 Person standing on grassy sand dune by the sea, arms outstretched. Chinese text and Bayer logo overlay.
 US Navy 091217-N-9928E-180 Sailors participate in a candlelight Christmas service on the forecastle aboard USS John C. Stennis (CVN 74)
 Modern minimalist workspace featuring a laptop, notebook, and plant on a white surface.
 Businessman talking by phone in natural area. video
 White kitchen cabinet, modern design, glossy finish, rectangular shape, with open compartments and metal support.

◇ ◇ ◇

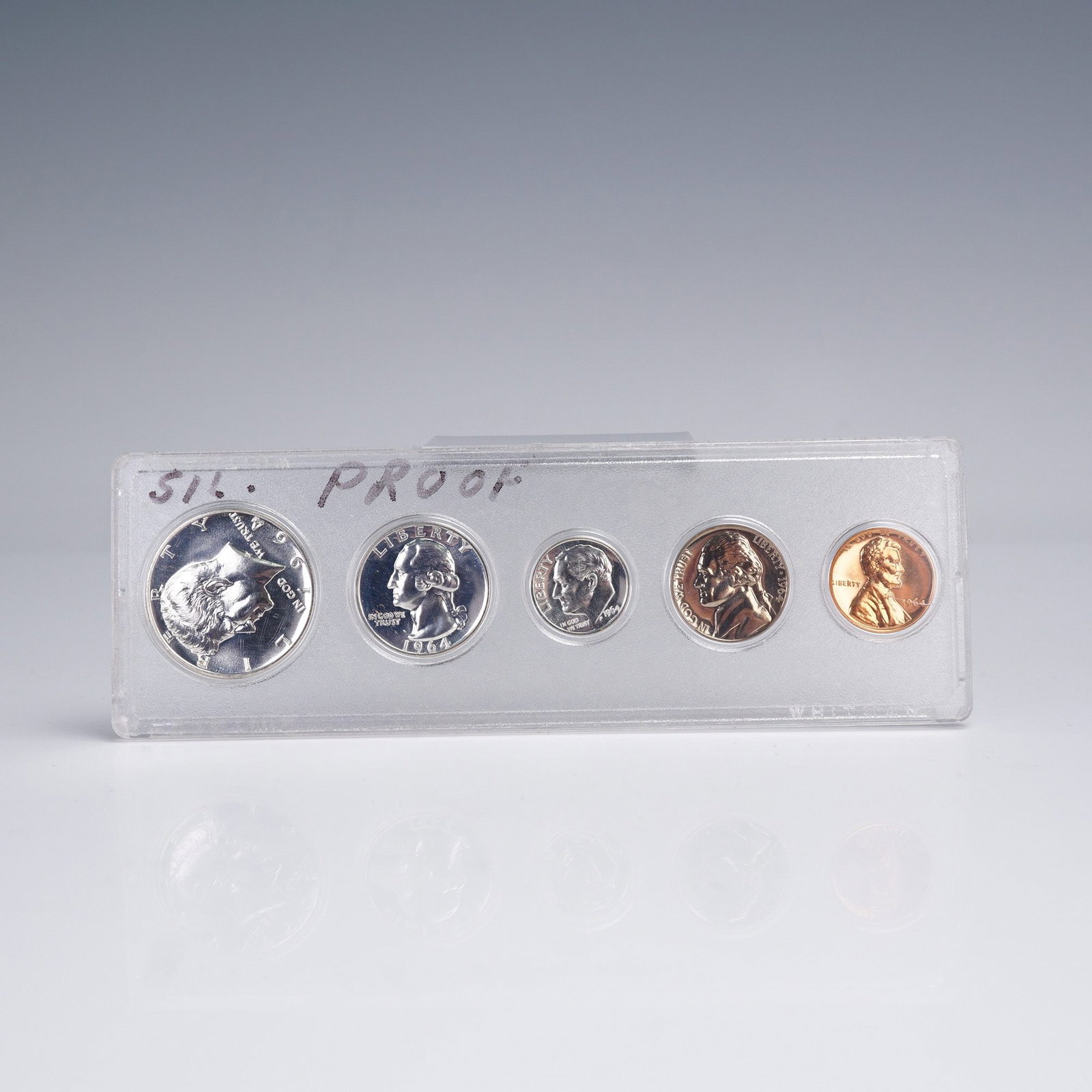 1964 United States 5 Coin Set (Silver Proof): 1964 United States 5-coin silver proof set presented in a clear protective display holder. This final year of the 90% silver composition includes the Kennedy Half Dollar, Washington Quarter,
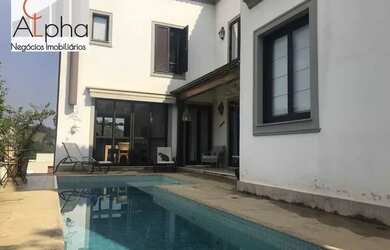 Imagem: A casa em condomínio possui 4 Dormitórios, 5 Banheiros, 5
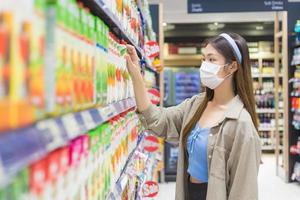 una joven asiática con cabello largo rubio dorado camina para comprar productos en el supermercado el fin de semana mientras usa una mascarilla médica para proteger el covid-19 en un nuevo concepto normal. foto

◇ ◇ ◇

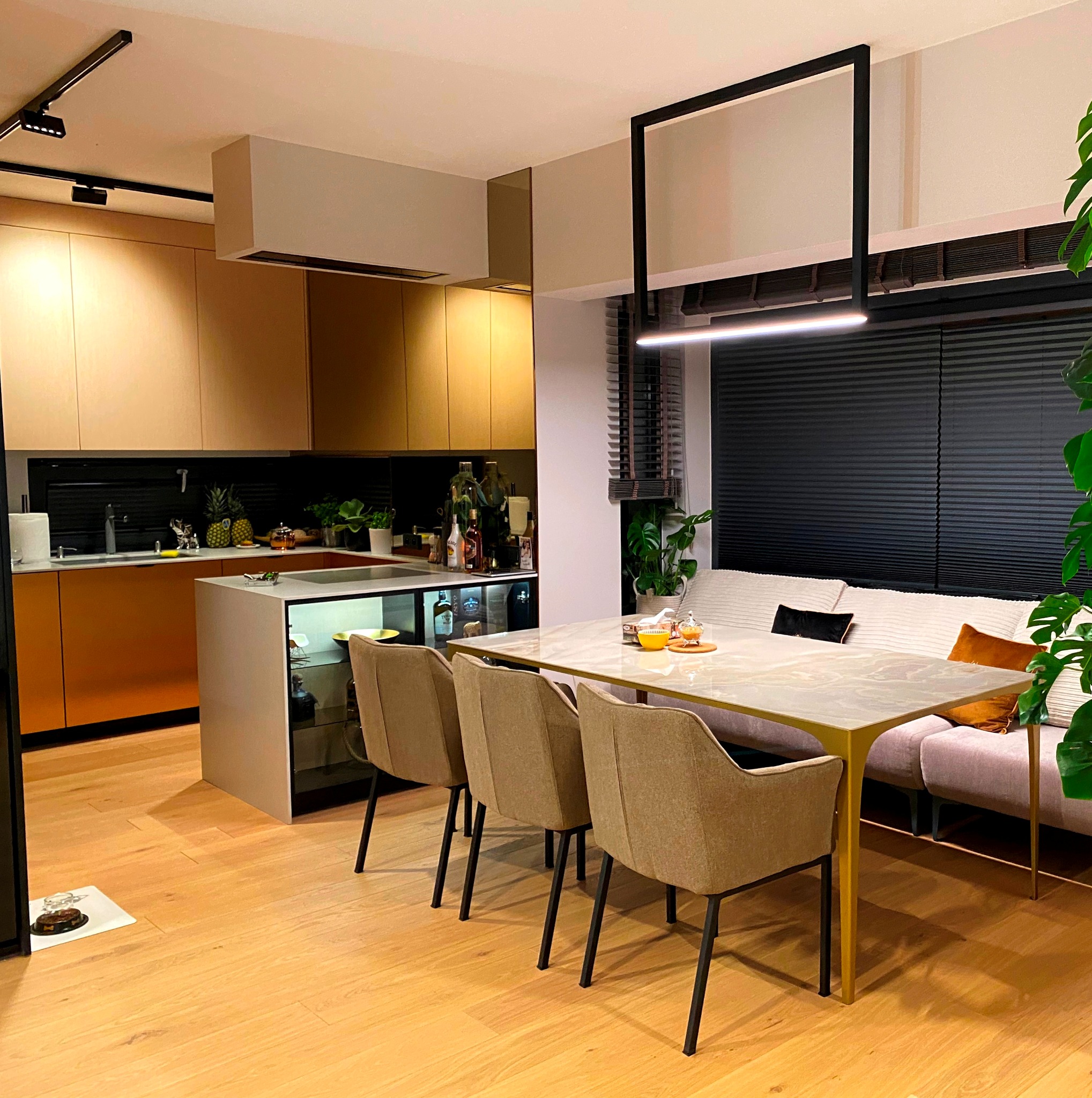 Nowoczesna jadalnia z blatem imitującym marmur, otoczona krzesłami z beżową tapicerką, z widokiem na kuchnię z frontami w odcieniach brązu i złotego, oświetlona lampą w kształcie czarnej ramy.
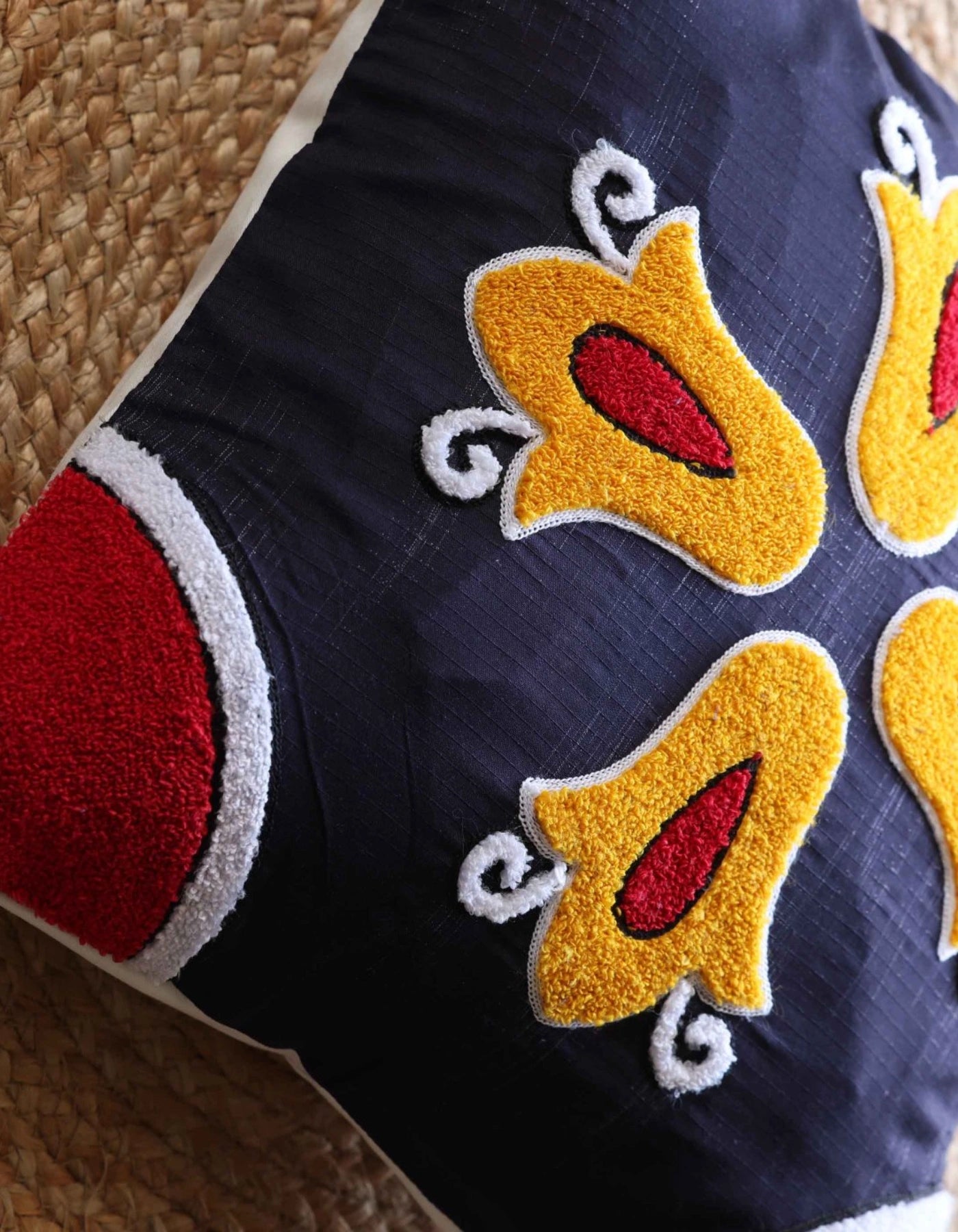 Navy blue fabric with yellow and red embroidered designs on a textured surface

◇ ◇ ◇

Copy verbatim, from the listing above, each line from the one containing "Person standing on" down to the one containing "Businessman talking by", inclusive.

 Person standing on grassy sand dune by the sea, arms outstretched. Chinese text and Bayer logo overlay.
 US Navy 091217-N-9928E-180 Sailors participate in a candlelight Christmas service on the forecastle aboard USS John C. Stennis (CVN 74)
 Modern minimalist workspace featuring a laptop, notebook, and plant on a white surface.
 Businessman talking by phone in natural area. video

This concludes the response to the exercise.